Hi,
I am using this Java code to stream a row-based result from Dremio using Apache Arrow Flight:
FlightInfo flightInfo = client.getInfo(FlightDescriptor.command(query.getBytes(UTF_8)), bearerToken);
try (FlightStream stream = client.getStream(flightInfo.getEndpoints().get(0).getTicket(), bearerToken);
VectorSchemaRoot vectorSchemaRoot = VectorSchemaRoot.create(stream.getSchema(), bufferAllocator);
) {
for (final VectorLoader vectorLoader = new VectorLoader(vectorSchemaRoot); stream.next(); ) {
if (! stream.hasRoot())
break;
try (ArrowRecordBatch currentRecordBatch = new VectorUnloader(stream.getRoot()).getRecordBatch()) {
processRows(stream.getRoot());
vectorLoader.load(currentRecordBatch);
}
}
}
The code structure is basically the same as in Dremio's Flight client examples:
https://github.com/dremio-hub/arrow-flight-client-examples/blob/8e54411ea57f98d30ec81ec62bacb9d129a2b23f/java/src/main/java/com/adhoc/flight/client/AdhocFlightClient.java#L349-L378
My problem is that the amount of direct memory that is allocated under the hood depends on the width of the rows. All batches but the last one have a fixed count of 3968 rows, but the wider the rows are, the more direct memory is needed. I am observing the allocation in java.nio.Bits.tryReserveMemory (from JDK 11.0.18):
private static boolean tryReserveMemory(long size, int cap) {
// -XX:MaxDirectMemorySize limits the total capacity rather than the
// actual memory usage, which will differ when buffers are page
// aligned.
long totalCap;
while (cap <= MAX_MEMORY - (totalCap = TOTAL_CAPACITY.get())) {
if (TOTAL_CAPACITY.compareAndSet(totalCap, totalCap + cap)) {
RESERVED_MEMORY.addAndGet(size);
COUNT.incrementAndGet();
return true;
}
}
return false;
}
where the value of MAX_MEMORY corresponds to the setting of -XX:MaxDirectMemorySize and RESERVED_MEMORY is going up and eventually exceeds MAX_MEMORY.

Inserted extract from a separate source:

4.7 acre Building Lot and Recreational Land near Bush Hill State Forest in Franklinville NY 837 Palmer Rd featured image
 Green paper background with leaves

For a stream of 8KB rows, I need about 200MB of direct memory, and for 64KB rows I need more than 1GB of direct memory. So I am running out of direct memory fairly soon, especially if multiple such streams need be processed.
I guess that the memory requirement is some product of the batch size and the row width, so as batch sizes apparently are fixed it increases with wider rows.
Is there any way to get this working under memory constraints?